Lead Software Machine Learning Engineer – Anomaly Detection
Job location
United States – Remote
Type
Full Time
Responsibilities:
You will have the chance to work closely with data scientists and engineers to bring innovative ideas to fruition on top of multiple cloud vendors.
You will be expected to embrace engineering best practices in design and coding, and you will be responsible for data pipelines and tools that enable data analysis on a large scale.
You will collaborate with engineering teams across the organization to integrate machine learning capabilities into various products.
Lead a team of engineers in the design, development, and deployment of anomaly solutions.
Develop novel machine learning and statistical algorithms for anomaly detection that can handle large volumes of data and identify complex patterns.
Design and implement scalable architectures for anomaly detection systems that can integrate with existing infrastructure.
Collaborate with data scientists to analyze large datasets and identify potential anomalies, trends, and correlations.
Train and validate machine learning models using large datasets and evaluate their performance on detecting anomalies.
Deploy and maintain anomaly detection systems in production environments, ensuring high availability and low latency.
Mentor junior engineers and provide technical guidance on anomaly detection solutions.
Stay up-to-date with the latest research and advancements in anomaly detection and apply this knowledge to develop innovative solutions
Requirements & Skills:
Experience: 5+ years of experience in anomaly detection, machine learning, or data science.

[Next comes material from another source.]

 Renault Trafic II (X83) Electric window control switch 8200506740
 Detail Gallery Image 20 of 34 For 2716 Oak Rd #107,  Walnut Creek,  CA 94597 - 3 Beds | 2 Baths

Proficiency in programming languages such as Python, R, Java, or Julia.
Experience with machine learning frameworks.
Knowledge of statistical modeling and hypothesis testing.
Familiarity with cloud-based technologies such as AWS, Azure, or Google Cloud.
Familiarity with working with distributed systems and building systems for scale.
Experience with data storage technologies, such as SQL databases, NoSQL databases, and data lakes
Bachelor’s Master’s or Ph.D. degree in Computer Science, Engineering, Statistics, or a related field.
Proven experience in leading teams and mentoring junior engineers.
Strong communication and collaboration skills.
Ability to work independently and make technical decisions.